▶
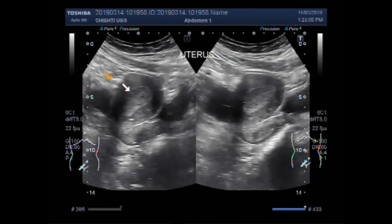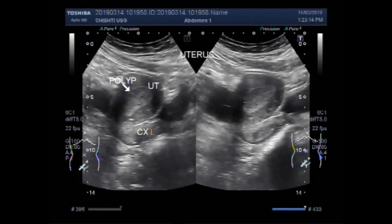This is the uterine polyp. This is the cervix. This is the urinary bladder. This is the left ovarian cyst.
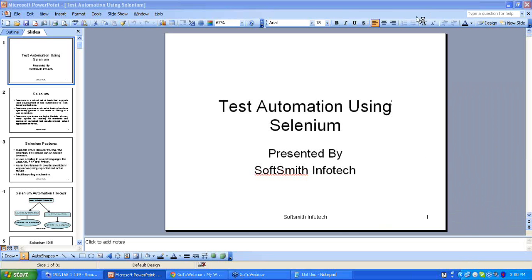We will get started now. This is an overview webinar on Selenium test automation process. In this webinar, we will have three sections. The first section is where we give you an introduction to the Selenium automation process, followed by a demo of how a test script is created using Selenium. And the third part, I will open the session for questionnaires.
◀
▶
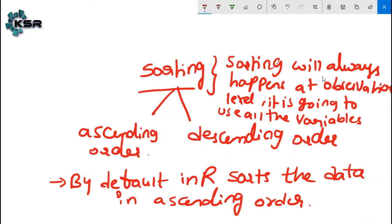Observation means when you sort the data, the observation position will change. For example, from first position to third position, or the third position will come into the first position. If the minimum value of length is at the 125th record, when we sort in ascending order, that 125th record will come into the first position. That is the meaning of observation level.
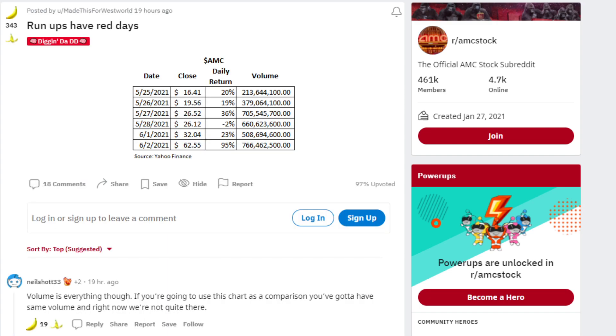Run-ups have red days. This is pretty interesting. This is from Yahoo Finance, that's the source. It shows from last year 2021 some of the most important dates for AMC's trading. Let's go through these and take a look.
◀
With the pictures removed from your copy, retype the lines above from the one that contains "This is the uterine" through the one that contains "We will get", exactly.

## Response box
This is the uterine polyp. This is the cervix. This is the urinary bladder. This is the left ovarian cyst.
We will get started now. This is an overview webinar on Selenium test automation process. In this webinar, we will have three sections. The first section is where we give you an introduction to the Selenium automation process, followed by a demo of how a test script is created using Selenium. And the third part, I will open the session for questionnaires.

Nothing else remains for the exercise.